En la encuesta que hoy publica El País, hay un dato bastante revelador: el 54% de los votantes socialistas se fía poco o nada de José Luis Rodríguez Zapatero. Pero es que el 60% de los votantes del PP se fía poco o nada de Mariano Rajoy. Con lo cual, el panorama con el que España va a tener que enfrentarse a una situación de posible quiebra del Estado no puede ser más desolador: estamos haciendo frente a la mayor crisis de nuestra Historia con un Gobierno y una Oposición de los que no se fían ni sus propios votantes.

¿Quién va a poder, entonces, exhibir la capacidad de liderazgo necesaria para encarar los problemas, para proponer las soluciones y para transmitir a la gente la confianza en que, aunque ahora haya que hacer sacrificios, en el futuro las cosas volverán a mejorar?

¿Quién va a ser capaz de señalarnos la luz al final del túnel y de convencernos de que conoce el camino de salida?

¿Quién tiene la inteligencia, la mesura y la determinación que hacen falta para sacarnos de esta crisis económica, institucional y moral?

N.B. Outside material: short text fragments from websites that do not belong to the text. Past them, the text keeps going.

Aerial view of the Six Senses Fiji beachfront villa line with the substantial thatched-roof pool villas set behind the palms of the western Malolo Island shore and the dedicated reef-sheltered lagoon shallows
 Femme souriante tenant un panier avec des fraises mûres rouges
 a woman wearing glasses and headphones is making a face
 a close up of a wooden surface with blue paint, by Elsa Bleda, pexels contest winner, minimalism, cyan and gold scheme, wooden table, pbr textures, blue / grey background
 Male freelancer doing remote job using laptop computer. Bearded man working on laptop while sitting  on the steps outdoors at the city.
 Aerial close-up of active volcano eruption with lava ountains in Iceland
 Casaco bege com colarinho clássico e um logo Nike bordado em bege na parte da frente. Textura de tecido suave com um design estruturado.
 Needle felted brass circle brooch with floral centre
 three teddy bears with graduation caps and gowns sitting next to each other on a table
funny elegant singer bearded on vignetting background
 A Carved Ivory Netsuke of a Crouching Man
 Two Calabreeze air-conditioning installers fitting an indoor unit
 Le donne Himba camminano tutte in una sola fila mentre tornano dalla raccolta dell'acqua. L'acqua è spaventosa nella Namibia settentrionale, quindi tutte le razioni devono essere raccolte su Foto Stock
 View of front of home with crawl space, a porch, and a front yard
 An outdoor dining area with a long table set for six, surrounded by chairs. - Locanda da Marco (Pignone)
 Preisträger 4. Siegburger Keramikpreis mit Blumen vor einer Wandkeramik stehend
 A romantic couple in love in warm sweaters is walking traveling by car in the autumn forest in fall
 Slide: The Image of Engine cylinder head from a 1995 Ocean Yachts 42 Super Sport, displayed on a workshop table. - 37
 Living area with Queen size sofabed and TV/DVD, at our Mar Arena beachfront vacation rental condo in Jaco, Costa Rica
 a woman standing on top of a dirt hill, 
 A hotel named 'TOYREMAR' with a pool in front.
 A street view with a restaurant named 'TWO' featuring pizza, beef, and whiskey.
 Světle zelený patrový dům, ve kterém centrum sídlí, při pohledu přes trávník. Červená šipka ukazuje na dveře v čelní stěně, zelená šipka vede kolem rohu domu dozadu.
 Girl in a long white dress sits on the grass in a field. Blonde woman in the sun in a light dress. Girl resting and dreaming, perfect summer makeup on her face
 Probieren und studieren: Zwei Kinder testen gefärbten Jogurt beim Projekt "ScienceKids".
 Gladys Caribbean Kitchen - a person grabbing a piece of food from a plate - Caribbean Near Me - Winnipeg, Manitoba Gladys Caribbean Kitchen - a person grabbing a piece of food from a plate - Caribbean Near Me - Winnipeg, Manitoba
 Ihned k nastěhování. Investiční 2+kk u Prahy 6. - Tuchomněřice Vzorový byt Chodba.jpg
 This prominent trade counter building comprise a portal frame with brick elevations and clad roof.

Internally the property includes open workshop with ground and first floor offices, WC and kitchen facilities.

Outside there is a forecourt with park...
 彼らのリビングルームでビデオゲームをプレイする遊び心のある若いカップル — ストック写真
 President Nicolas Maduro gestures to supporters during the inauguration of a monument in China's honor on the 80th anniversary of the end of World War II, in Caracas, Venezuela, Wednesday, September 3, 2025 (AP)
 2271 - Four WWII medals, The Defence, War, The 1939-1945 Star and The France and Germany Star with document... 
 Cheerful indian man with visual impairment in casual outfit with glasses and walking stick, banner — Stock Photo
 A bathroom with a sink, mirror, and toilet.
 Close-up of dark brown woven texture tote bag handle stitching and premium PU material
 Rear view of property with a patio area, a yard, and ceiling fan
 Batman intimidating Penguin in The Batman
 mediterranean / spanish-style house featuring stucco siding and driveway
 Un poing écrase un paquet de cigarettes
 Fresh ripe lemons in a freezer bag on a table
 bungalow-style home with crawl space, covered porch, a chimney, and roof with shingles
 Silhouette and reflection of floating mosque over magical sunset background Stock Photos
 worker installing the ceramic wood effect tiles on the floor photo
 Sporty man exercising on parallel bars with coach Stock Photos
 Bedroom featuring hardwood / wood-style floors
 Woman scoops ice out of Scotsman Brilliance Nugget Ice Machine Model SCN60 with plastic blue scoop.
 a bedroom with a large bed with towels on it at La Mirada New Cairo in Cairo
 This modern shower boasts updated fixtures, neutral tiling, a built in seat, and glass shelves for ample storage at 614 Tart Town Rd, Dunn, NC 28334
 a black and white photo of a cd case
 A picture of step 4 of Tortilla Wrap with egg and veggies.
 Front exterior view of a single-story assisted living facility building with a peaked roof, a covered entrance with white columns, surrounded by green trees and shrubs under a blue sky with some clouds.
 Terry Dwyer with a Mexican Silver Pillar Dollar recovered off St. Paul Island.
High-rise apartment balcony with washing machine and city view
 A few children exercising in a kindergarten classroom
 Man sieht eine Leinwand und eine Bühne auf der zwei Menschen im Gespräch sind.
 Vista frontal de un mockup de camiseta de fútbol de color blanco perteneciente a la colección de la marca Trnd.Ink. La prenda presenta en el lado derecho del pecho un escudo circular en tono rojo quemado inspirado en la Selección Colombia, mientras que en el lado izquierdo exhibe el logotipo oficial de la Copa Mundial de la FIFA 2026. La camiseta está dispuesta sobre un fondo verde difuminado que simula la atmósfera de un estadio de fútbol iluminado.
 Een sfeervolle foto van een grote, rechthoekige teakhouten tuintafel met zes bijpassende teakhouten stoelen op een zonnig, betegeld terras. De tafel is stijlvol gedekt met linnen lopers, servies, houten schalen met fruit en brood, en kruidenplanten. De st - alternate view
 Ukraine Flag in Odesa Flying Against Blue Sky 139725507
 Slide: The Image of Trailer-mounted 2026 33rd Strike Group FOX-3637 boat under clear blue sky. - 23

Habrá que estar atentos a la evolución de los acontecimientos. Las citas electorales comienzan este año con unos comicios catalanes marcados por la incertidumbre. Veremos lo que dan de sí.

En cualquier caso, como los dos principales partidos sigan ganándose a pulso la desconfianza de sus votantes, no estarán haciendo sino abonar el terreno para el surgimiento de nuevas formaciones políticas que los sustituyan.

Lo cual, a estas alturas, tampoco me parece tan mala solución, qué quieren que les diga.